自ら「真実」を探し求める「主体性」を重視する立場に基づいて、次の2つの立場を批判しておきたいと思います。以下で論ずるように、その2つの立場は、「本当の自分」と向き合う行為の真の意義を理解することができないという、共通の問題点を抱えています。
1つ目の立場は、我々の行動や思考は、社会によって構造的に規定されているという考え方です。権力者の決定に左右されることだけでなく、「遺伝」が様々な疾患の原因であることなど、たしかに己の無力さを認めざるをえない点はあります。したがって、社会構造や生物学的遺伝が「絶望」の背景にあることは、間違いありません。

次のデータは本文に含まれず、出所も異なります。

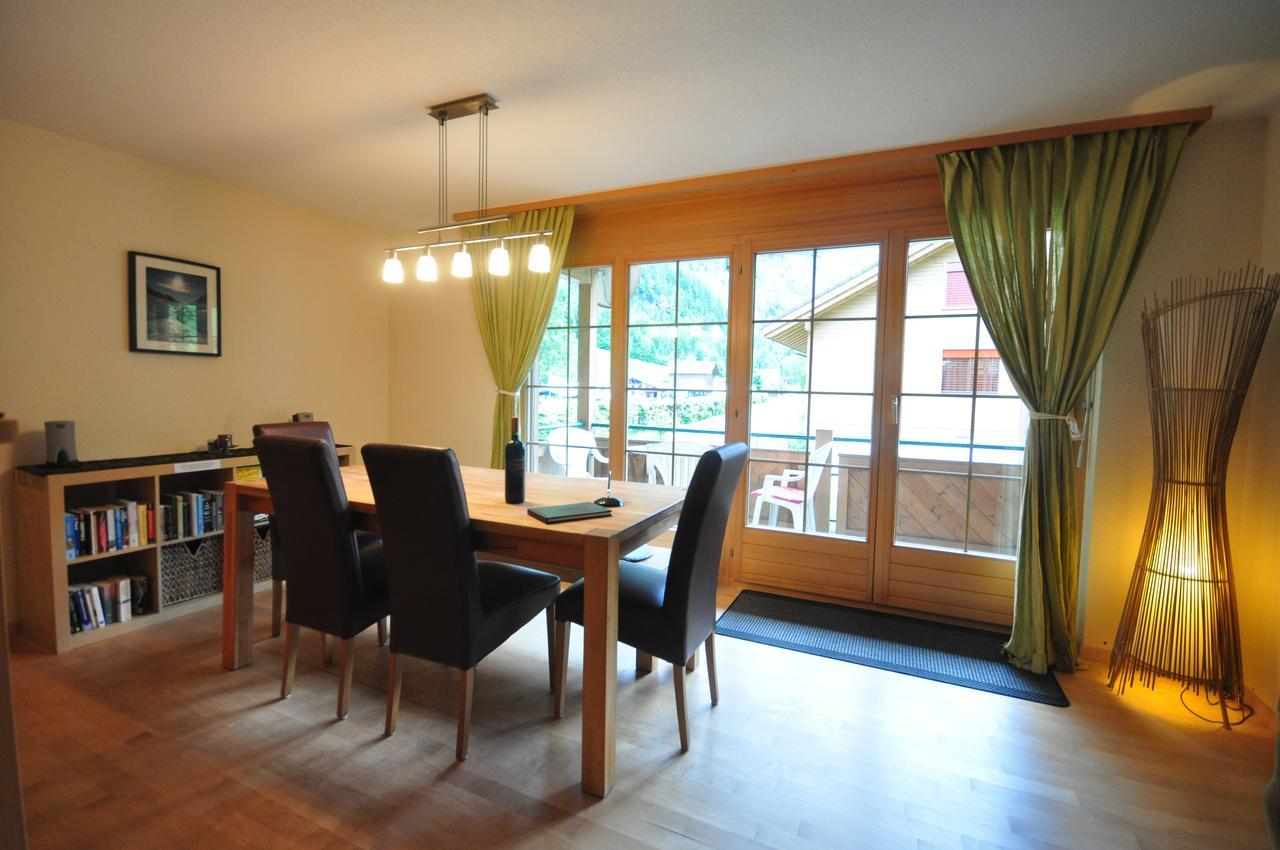 Luxury Family Apartment Lauterbrunnen Eksteriør billede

けれども、社会構造と遺伝に責任を押し付ける思考では、なぜ「絶望」と向き合うことから出発するべきなのかという本質的問いに答えることはできません。というのも、その思考では、「本当の苦しみを味わっていない奴は半人前だ」というように、強大な敵との“壮絶な闘い”をひけらかすだけで終わってしまいかねないからです。
2つ目の立場は、ポジティブな経験によっても、「真実」に辿り着くことができるという立場です。たしかに、ハッピーな経験をすることによって価値観や世界観を変えうるのであれば、わざわざ逆境に立ち向かう「必要はまったくない」と言えるのかもしれません(カウフマン&グレゴワール、前掲書、211頁)。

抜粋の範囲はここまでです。